*** Opening STUDY MATERIAL ***

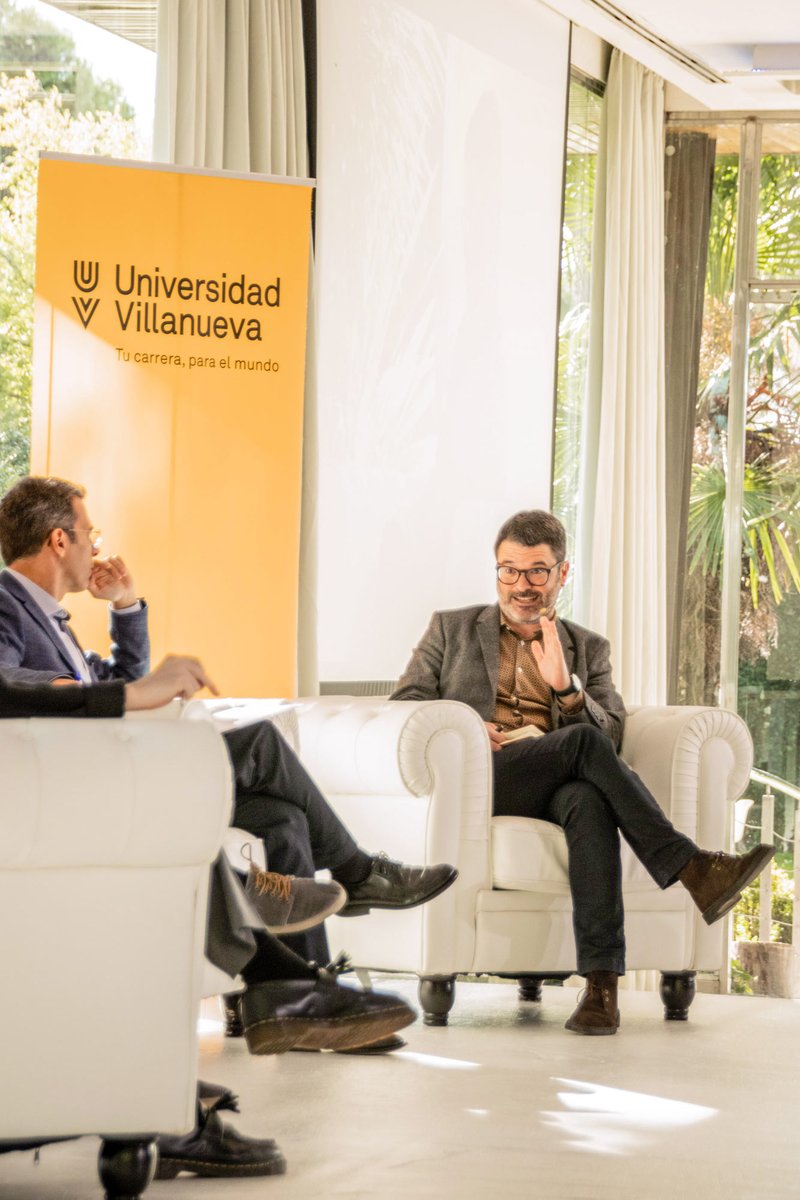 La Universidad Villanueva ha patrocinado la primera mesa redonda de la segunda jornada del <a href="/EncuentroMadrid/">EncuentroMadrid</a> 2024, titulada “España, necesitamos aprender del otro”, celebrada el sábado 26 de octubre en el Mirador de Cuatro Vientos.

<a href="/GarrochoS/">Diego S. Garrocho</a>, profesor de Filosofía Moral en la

*** Closing STUDY MATERIAL ***
*** Opening STUDY MATERIAL ***

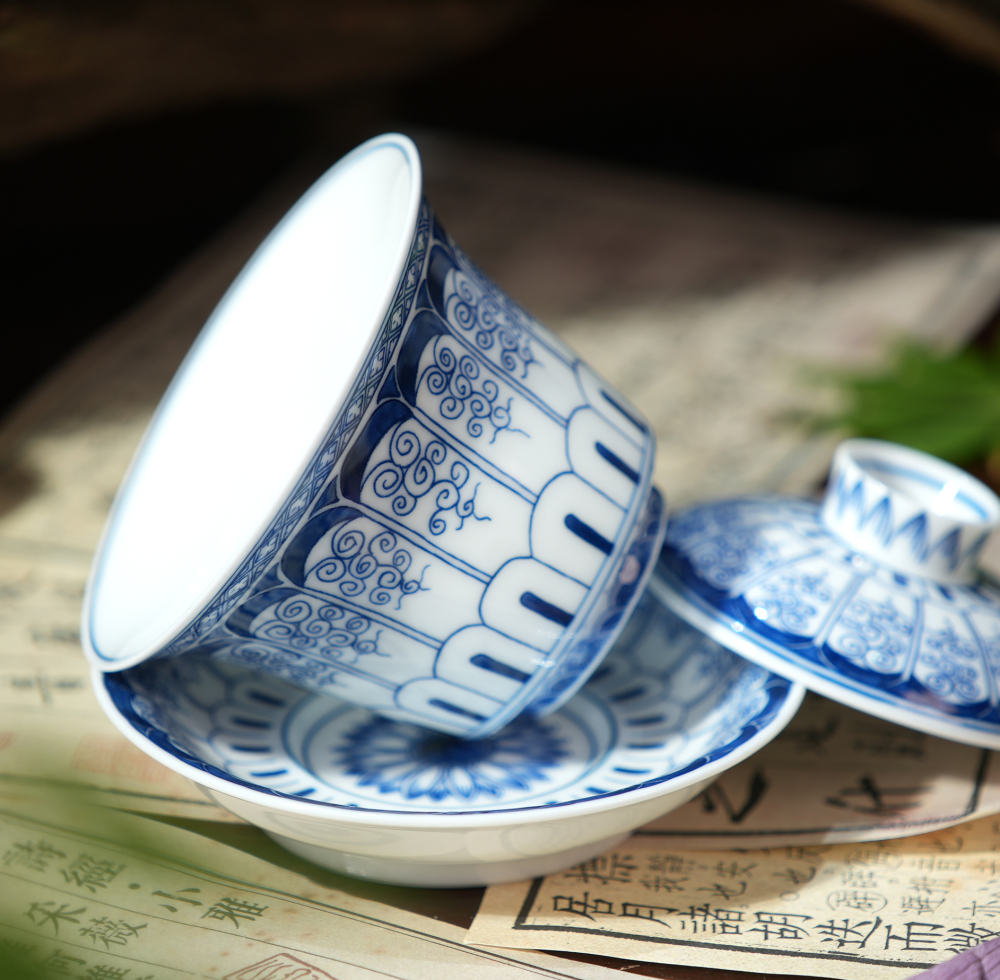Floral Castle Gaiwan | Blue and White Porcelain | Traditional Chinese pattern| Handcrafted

*** Closing STUDY MATERIAL ***

Within the listing above, print exactly the stretch beginning at the line that contains "La Universidad Villanueva" and finishing at the line that contains "Moral en la", ends kept, pictures left out, and nothing more.

 La Universidad Villanueva ha patrocinado la primera mesa redonda de la segunda jornada del <a href="/EncuentroMadrid/">EncuentroMadrid</a> 2024, titulada “España, necesitamos aprender del otro”, celebrada el sábado 26 de octubre en el Mirador de Cuatro Vientos.

<a href="/GarrochoS/">Diego S. Garrocho</a>, profesor de Filosofía Moral en la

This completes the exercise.